Die beiden Sänger? Da war doch ein dritter Gesangsakrobat, oder nicht? Nun, Kai Hansen ist natürlich von Anfang an mit auf der Bühne und agiert dorten auch schon die ganze Zeit über wie ein Wilder, mit seiner äußerst kreativen Frisur, doch nun - da Deris und Kiske ihre wohl verdiente Pause einlegen - schlägt Kais Stunde auch am Mikro, und wenn ich mich so umsehe im weiten Rund, dann haben nicht wenige Anwesende genau hierauf am Sehnlichsten gewartet. Klar, die "Keeper"-Alben waren kommerziell die erfolgreichsten Scheiben der Band, doch man spürt jetzt am Überkochen der Stimmung in der Halle dann doch ganz deutlich, dass vieler Leute Herz an der EP und an "Walls Of Jericho" mindestens genauso sehr hängt, wenn nicht mehr. Das ausgedehnte Medley aus 'Starlight', 'Ride The Sky' und 'Judas', bei dem alle drei Stücke mehr als nur angespielt, sondern ordentlich präsentiert werden, spricht da Bände, speziell bei 'Ride The Sky' - das Kai zeitweise ohne seine Gitarre absolviert - kreischen viele Fans nahezu hysterisch mit, und auch beim Abschluss des Kai-Hansen-Blocks mit 'Heavy Metal (Is The Law)' bleibt kein Auge trocken. So viel ist klar: Auch wenn Kai Hansen sicherlich nicht der beste Sänger des heutigen Abends ist, und auch wenn seine Stimme im Laufe der Jahre bekanntermaßen etwas gelitten hat, kommt er doch super an und er ist fraglos der Sympathieträger Nummer 1 auf der Bühne.

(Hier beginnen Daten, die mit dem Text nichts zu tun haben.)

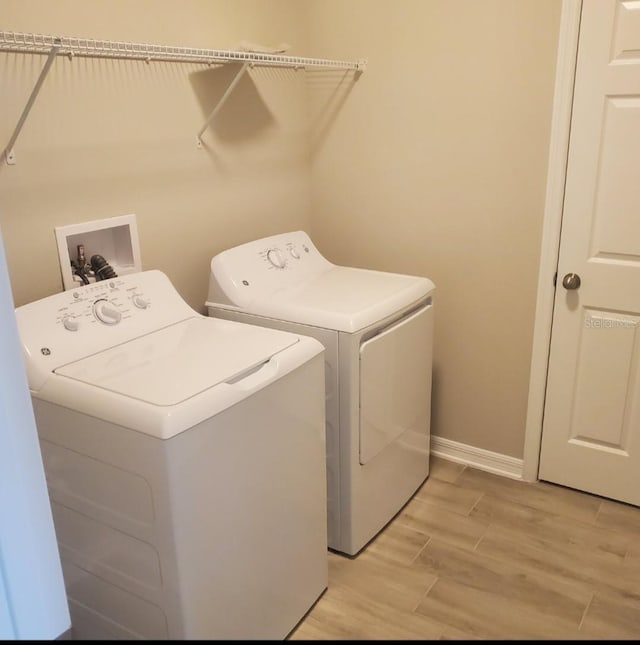 washroom featuring light wood-style floors, washer and dryer, laundry area, and baseboards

Nach zwanzig Minuten ist es dann wieder Zeit für die Rückkehr der anderen beiden Mikroschwinger, und so schlendern die Herren Kiske und Deris gemütlich vor zur Bühnenmitte und geben bei der tollen "Time Of The Oath"-Ballade 'Forever And One (Neverland)' ein sehr emotionales Duett, was sich mit spiegelbildlichem Vorzeichen bei 'A Tale That Wasn't Right' wiederholt. In beiden Fällen singen die Sänger gemeinsam eine der beliebtesten Balladen des Kollegen und zeigen dabei, dass sie sich hier super ergänzen, wobei doch sehr auffällig ist, dass beide ganz besondere Stärken haben, die ihre Stimmen so unverkennbar und einnehmend machen. Dies belegt auch das folgende von Andi Deris allein dargebotene 'I Can' von meiner Lieblingsscheibe "Better Than Raw", bevor es die Band schafft, auch den Part des Drumsolos zu etwas ganz Besonderem zu machen, nämlich zu einem Tribut an Ingo Schwichtenberg, den verstorbenen Originaldrummer der Band. Dies gelingt, indem sich Schlagzeuger Dani Löble einen virtuellen Trommelwettstreit mit dem über die Videoleinwand eingespielten Ingo liefert, was sich als sehr würdige Ehrerbietung erweist. Das reguläre Set steuert nach dem Drumsolo langsam seinem Ende entgegen und lässt zunächst noch einmal Michael Kiske als alleinigen Sänger mit einem Doppeldecker aus 'Living Ain't No Crime' und 'A Little Time' glänzen, bevor ein Duett bei 'Why?' in den starken letzten Deris-Doppelschlag aus 'Sole Survivor' und 'Power' überleitet, und sich danach alle drei Sänger gemeinsam mit einer mächtig gefeierten Version von 'How Many Tears' erst einmal verabschieden.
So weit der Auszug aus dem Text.